''Adil Şahitlik ve Muhalif Kimlik"
Akhisar Özgür-Der Temsilciliğinde düzenlenen programda Özgür-Der Genel Sekreteri Musa Üzer ''Adil Şahitlik ve Muhalif Kimlik" konusunu anlattı.
Musa Üzer konuşmasına, şahitlik kavramının Kur'an'ın temel kavramlarından biri olduğunu buna rağmen bu kavramın tarihsel süreçte en çok içi boşaltılan kavramlardan biri olduğunu ifade ederek başladı. İnsanoğlunun zaaflarla malul bir varlık olduğunu ifade eden Üzer, adil şahitlik konusunda da insanın iki temel zaafı olduğunu, bunların ilkinin insanin yapısından kaynaklanan doğal zaaflar olduğunu ikincisinin de insanoğlunun yaşamını sürdüregeldiği alanlardaki iktidar unsurları ile olan ilişkisi olduğunu ifade etti.
"Şahitlik" kavramının, varlık aleminin bütün unsurlarına yönelik tanıklığı ifade ettiğini belirten Üzer, şahitlik kavramının sadece dar kapsamda tanıklık etmek olmadığını, insanoğlunun bütün yaratılmış olandan sorumlu olduğunu ve bütün yükü insanın yüklendiği bir anlamı ifade ettiğini belirtti.
Konuşmasına Maide Suresinin 8. Ayetine dikkat çekerek devam eden Üzer, ayetin bir kavme, bir topluluğa, bir partiye, hizbe olan öfkenin, kinin adaletsiz davranılmasını meşrulaştıramayacağını ifade etti. Aynı zamanda tersinden "aşkın gözü kördür"gibi bir bakışla sevdiklerimiz ve muhabbet duyduklarımıza olan tutumumuzun da hakikat çerçevesinde olması gerektiğini, adil kimliğimizi her iki durum karşısında da korumamız gerektiğini ifade etti.

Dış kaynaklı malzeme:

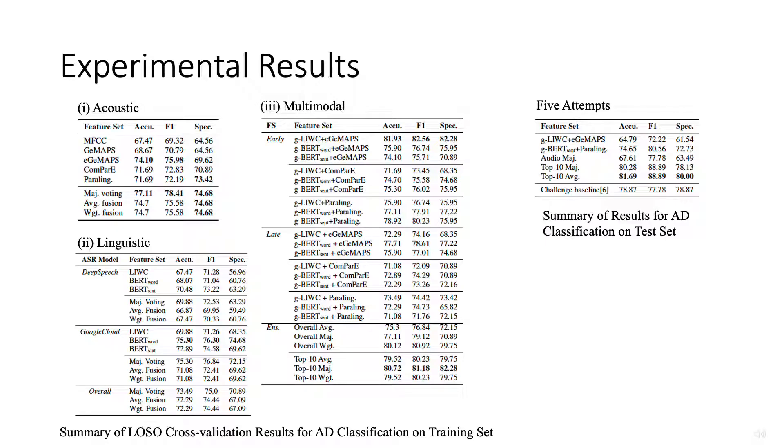Leave-one-out cross-validation on the training set shows that the classifier built with EGE maps is the best acoustic model, while the classifier built with BERT embedding is the best linguistic model on the training set.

Adil şahit olabilmenin Hakikati görmekten geçtiğini, doğru bilinçlenmenin ve kimlik oluşturmanın elzem olduğunu belirten Üzer, kimlik ile her an hemhal olmamız gerektiğini, her daim iman tazelemenin bir yöntemini bulmamız gerektiğini ifade etti. Modern dünyanın kuşatılmışlığı içerisinde Müslüman bilincini ve kimliğini her daim diri tutmanın şahitlik mevzusu ile direk bağlantılı olduğunu da ekledi.
Modern bir dünyanın insanı, yaradılış gayesinden nasıl saptırabileceğini, hangi enstrümanlara sahip olduğunu, siyasal, sosyal, kültürel, ekonomik, sportif vb. gibi hayatın bütün ünitelerinde onu nasıl kuşatabileceğini açıklayan konuşmacı; Müslümanların bu durumu iyi analiz edip üzerine derinlikli bir fıkıh üretmek yerine modern dünyanın rüzgarına kapıldığını, yeterince tefekkür edemediğini dile getirdi:
"İnsanlık tarihi; hiçbir evresinde, insan hayatını modernite kadar yönlendiren, dominant bir şekilde doğumundan ölümüne kadar kontrolü altında tutan bir hegemonya üreten devlet ile karşılaşmadı."
Batı'nın tarihinde yaşanan rönesans, reform ve aydınlanma süreçlerinin sonucunda ilahi ve metafiziksel olan her inancın insan hayatından kovulduğunu ifade eden konuşmacı; ilahi olanın yerine bilimsel düşünceye ve pozitivizme dayanan bir yaşam tarzının getirilmiş olduğunu, bunun beraberinde ki modernleşme sürecinde oluşturulan paradigmaların da toplumlara dayatıldığını dile getirdi.
Program yapılan katkılarla sona erdi.